Data Tables are very slow, any tips what could help?


#1

Hello,

Running on Kibana and elastic 6.4

I know this is very similar to Kibana visualization is too slow but I would like to ask what can be done, what kind of strategy one might have.

We have several Tables in a single dashboard and all of them shows a count of something, often it is ipaddressen or some other value that we want to count how many we have in this timespan, but as our data grows these tables become very slow even when using smaller timespans.

So I have a dashboard with 3 tables, 1 metric, 2 time series and 1 horizontal bar, and the metric, horizontal bar and the two time series all load very fast (<1 sec during small timeframes like 1-4hours), but the 3 tables can take around 5seconds to load.

If we go up to "extrems", we have a dashboard with 6 tables, and when checking the last 30 days (even tho we only have data for about 10days), we often get the 30sec timeout, now we can make that timeout larger, but that does not solve the main problem with these tables being very slow.

What can we do to speed them up? We have them limited by giving them a filter to use, so they only use small parts of the logs, but they are still very slow.
We could do some pre-aggregation in some outside application, and use another index, but this creates problems with filtering.

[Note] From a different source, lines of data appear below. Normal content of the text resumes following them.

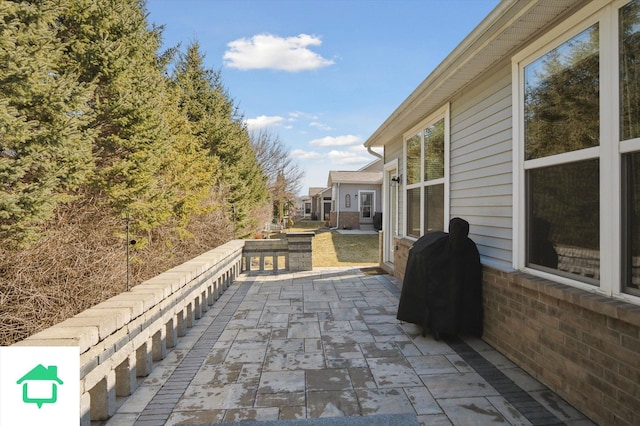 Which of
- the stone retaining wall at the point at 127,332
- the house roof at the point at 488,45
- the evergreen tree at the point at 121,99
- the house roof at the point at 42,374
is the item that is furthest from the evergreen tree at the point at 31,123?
the house roof at the point at 488,45

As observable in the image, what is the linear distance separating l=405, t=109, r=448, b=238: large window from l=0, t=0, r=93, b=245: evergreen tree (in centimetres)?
456

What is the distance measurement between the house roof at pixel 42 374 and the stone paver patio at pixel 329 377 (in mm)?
683

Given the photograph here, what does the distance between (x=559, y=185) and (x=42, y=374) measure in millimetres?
3569

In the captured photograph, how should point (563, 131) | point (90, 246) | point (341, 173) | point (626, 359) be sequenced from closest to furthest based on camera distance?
point (626, 359) < point (563, 131) < point (90, 246) < point (341, 173)

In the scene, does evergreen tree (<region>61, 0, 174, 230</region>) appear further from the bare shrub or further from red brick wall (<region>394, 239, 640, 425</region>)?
red brick wall (<region>394, 239, 640, 425</region>)

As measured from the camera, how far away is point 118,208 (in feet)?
17.9

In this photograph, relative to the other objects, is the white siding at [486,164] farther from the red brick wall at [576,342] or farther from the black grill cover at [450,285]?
the red brick wall at [576,342]

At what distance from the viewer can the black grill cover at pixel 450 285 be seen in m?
3.79

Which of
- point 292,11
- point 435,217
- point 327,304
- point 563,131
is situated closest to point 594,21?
point 563,131

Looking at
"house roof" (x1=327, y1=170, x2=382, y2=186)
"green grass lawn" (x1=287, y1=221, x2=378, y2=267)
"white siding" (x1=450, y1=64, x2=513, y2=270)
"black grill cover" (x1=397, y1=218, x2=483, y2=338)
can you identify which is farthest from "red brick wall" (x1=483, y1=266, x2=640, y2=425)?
"house roof" (x1=327, y1=170, x2=382, y2=186)

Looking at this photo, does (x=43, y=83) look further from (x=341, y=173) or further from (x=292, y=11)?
(x=341, y=173)

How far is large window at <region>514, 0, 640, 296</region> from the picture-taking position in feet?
7.25

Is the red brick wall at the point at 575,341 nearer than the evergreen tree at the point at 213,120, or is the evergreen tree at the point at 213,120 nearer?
the red brick wall at the point at 575,341

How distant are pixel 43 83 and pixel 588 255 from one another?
5.02 m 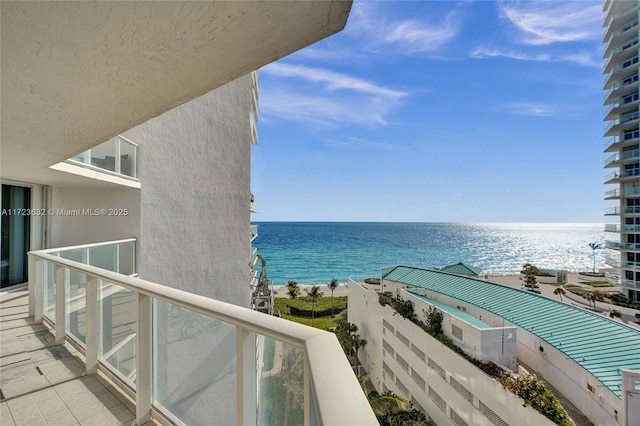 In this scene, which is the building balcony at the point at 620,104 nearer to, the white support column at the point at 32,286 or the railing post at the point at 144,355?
the railing post at the point at 144,355

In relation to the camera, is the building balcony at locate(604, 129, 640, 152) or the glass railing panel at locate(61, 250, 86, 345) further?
the building balcony at locate(604, 129, 640, 152)

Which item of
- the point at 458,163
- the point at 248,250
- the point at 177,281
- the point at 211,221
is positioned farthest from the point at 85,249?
the point at 458,163

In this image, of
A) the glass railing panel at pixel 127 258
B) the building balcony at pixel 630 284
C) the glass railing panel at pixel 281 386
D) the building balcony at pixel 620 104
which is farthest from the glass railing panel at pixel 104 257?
the building balcony at pixel 620 104

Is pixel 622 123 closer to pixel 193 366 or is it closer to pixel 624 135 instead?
pixel 624 135

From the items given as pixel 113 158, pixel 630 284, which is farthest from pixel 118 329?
pixel 630 284

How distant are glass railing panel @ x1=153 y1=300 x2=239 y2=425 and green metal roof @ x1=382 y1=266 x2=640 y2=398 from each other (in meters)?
12.1

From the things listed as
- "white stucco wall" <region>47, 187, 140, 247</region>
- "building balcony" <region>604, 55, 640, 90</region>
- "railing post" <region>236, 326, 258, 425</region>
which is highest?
"building balcony" <region>604, 55, 640, 90</region>

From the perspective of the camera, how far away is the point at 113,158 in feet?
22.7

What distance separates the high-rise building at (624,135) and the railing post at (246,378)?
3489 cm

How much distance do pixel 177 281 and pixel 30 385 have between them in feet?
21.0

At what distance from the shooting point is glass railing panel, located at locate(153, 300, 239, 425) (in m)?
1.63

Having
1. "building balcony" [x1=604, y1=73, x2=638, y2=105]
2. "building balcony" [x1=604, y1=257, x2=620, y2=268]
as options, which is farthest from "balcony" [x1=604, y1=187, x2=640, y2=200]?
"building balcony" [x1=604, y1=73, x2=638, y2=105]

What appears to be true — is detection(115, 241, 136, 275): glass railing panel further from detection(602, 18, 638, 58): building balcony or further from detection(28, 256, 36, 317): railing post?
detection(602, 18, 638, 58): building balcony

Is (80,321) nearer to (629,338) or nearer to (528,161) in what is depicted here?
(629,338) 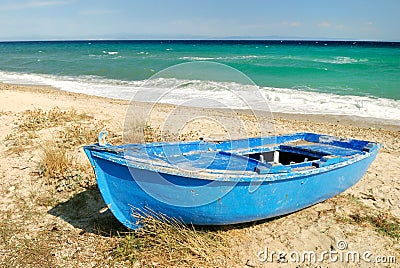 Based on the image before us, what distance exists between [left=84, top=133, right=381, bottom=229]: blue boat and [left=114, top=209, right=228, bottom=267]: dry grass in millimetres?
125

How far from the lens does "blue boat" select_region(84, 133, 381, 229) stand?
419cm

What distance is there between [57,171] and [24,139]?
2.47 meters

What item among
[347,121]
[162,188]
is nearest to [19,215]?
[162,188]

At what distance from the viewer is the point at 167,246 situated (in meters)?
4.41

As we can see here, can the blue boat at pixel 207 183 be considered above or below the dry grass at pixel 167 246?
above

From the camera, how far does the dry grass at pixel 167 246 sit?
429 cm

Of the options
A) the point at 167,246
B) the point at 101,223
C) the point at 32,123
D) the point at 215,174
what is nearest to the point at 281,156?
the point at 215,174

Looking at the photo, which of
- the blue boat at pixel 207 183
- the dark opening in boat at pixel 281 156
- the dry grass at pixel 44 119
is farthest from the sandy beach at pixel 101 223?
the dark opening in boat at pixel 281 156

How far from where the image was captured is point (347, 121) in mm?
12211

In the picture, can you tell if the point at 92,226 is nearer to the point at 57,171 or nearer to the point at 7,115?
the point at 57,171

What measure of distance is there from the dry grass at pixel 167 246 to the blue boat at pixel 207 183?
0.13 m

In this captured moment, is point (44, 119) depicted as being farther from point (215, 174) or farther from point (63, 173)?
point (215, 174)

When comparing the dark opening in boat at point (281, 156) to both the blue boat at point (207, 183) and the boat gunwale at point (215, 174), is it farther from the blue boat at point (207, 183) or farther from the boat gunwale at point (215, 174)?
the boat gunwale at point (215, 174)

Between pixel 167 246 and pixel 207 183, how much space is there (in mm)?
968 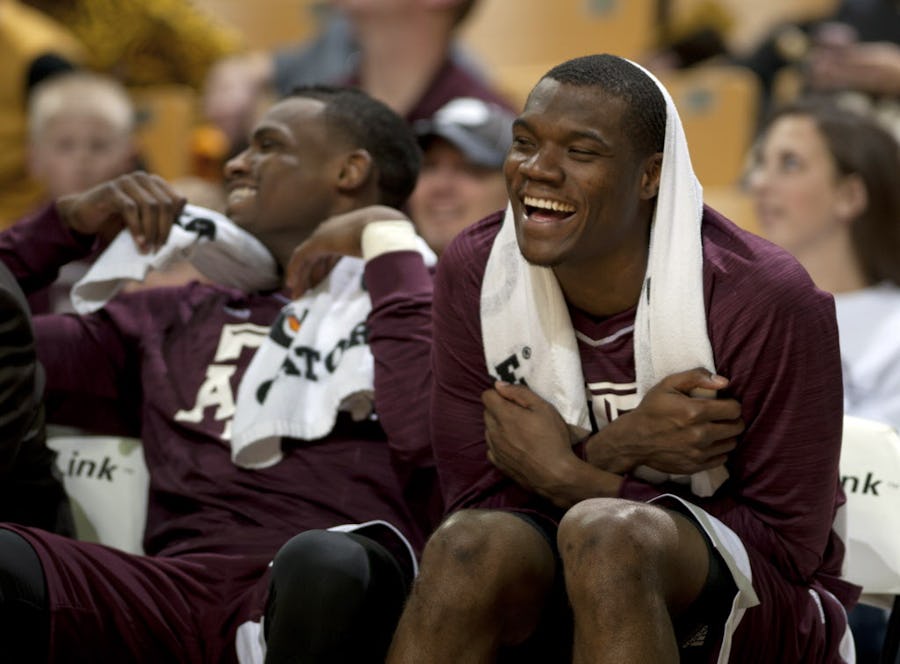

Any suggestion is welcome!


(Jon Budzenski) #2

Ah that's always a tough one on the kibana side, the data table queries are fairly rigid. Like you mentioned a pre-aggregation, or when you're on 6.5+ giving rollups a try (https://github.com/elastic/kibana/pull/21117). Are there any scripted fields? Those can be expensive too.

Another approach is to take a look at the cluster health.
How much load is it under? What's the shard allocation look like? Searching over many many shards is going to be expensive. On the other hand, if there's room for adding replicas we can increase read throughput at the expense of writes.


#3

Hello, I understand this is very hard question and very dependent on our setup.

We will "soon" upgrade to 6.5 so I'll look into that link then.

We have no scripted fields, any kind of "scripted fields" behavior that we need we have done in the ingest pipe, in order to try and keep the system fast. Currently we have a very simple setup that we are testing out and it's just one node with every index just has 1 primary and 0 replicas, but we don't have that much data, we get maybe 10gb a day and currently store about 15days, so total storage is about 150gb.

We had less problems when we started out and only had about 3-4days, so the total storage (or amout of logs to go over) seems to be a big problem, understandable.

I have little control or knowledge about how the shards are allocated and why we have 1 primary and 0 replicas, but I can try ask around.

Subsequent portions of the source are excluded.